1. Please note that SQL bundles are quite large when split up, so
   consider using the ``-c`` or ``--courses`` option when invoking
   ``simeon download -S`` or ``simeon split`` to make sure that you
   limit the splitting to a set of course IDs. You may also use the
   ``--clistings-file`` option, which expects a txt file of course IDs;
   one ID per line. If the aforementioned options are not used,
   ``simeon`` may end up failing to complete the split operation due to
   exhausted system resources (storage to be specific).
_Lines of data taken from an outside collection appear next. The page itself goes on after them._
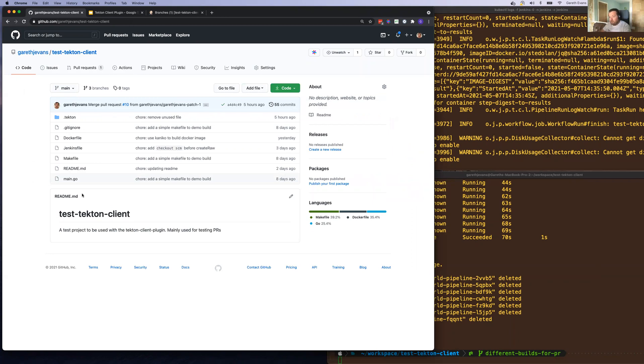The idea is that what we want to do is clone this repo at the right point in time, build the GoLang app, and then create a Docker file from that.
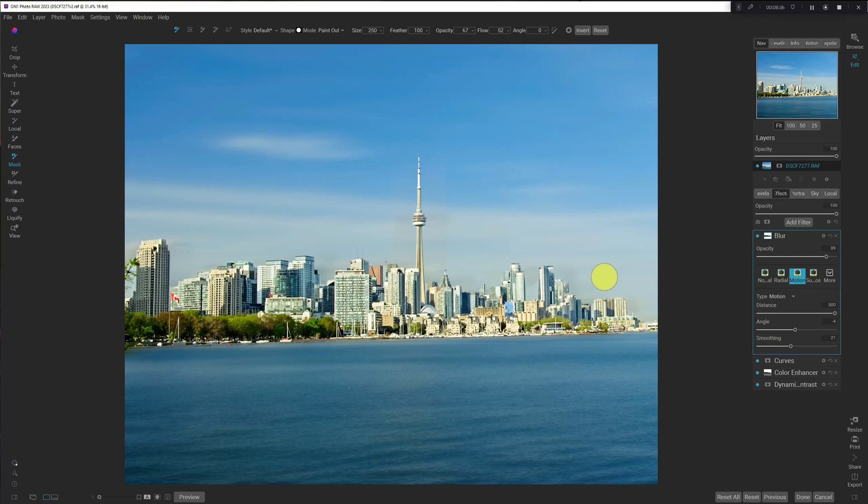So, this is faux long exposure using OnOne Photo Raw. I hope you found this tutorial useful. See you in the next video.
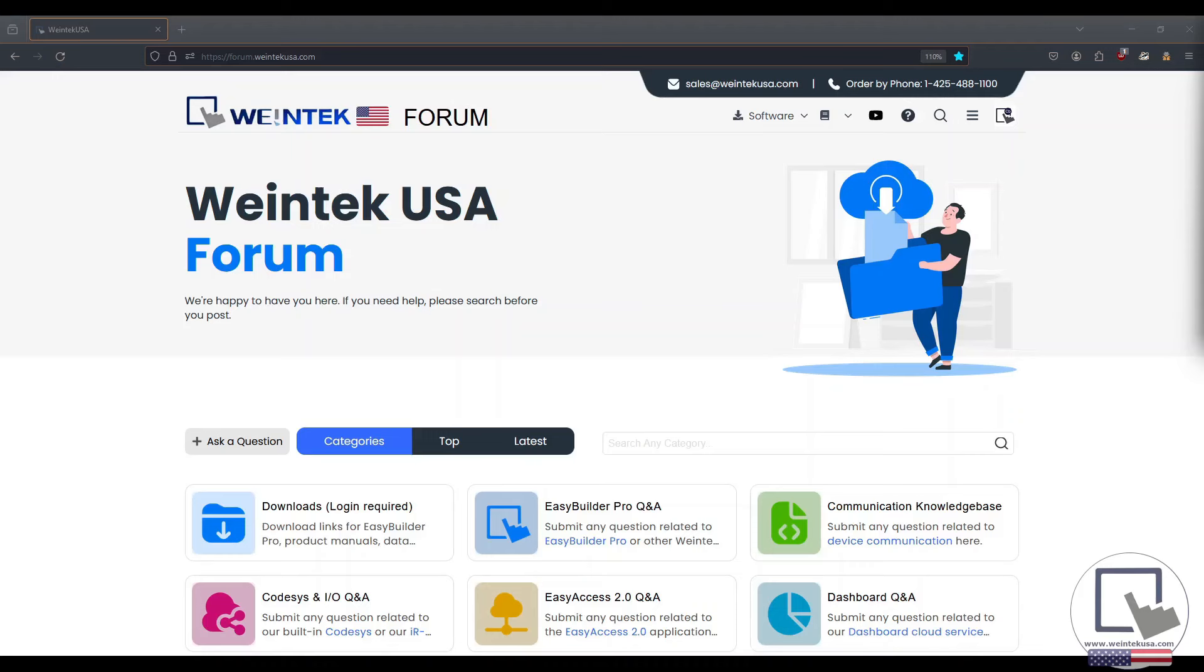Thanks for watching this quick tip from WinTechUSA support. Check out our forum at forum.wintechusa.com for more info on our software and products.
2. ``simeon download`` with file types ``log`` and ``email`` will both
   download and decrypt the files matching the given criteria. If the
   latter operations are successful, then the encrypted files are
   deleted by default. This is to make sure that you don’t exhaust
   storage resources. If you wish to keep those files, you can always
   use the ``--keep-encrypted`` option that comes with
   ``simeon download`` and ``simeon split``. SQL bundles are only
   downloaded (not decrypted). Their decryption is done during a
   ``split`` operation.

3. Unless there is an unhandled exception (which should be reported as a
   bug), ``simeon`` should, by default, print to the standard output
   both information and errors encountered while processing your files.
   You can capture those logs in a file by using the global option
   ``--log-file`` and providing a destination file for the logs.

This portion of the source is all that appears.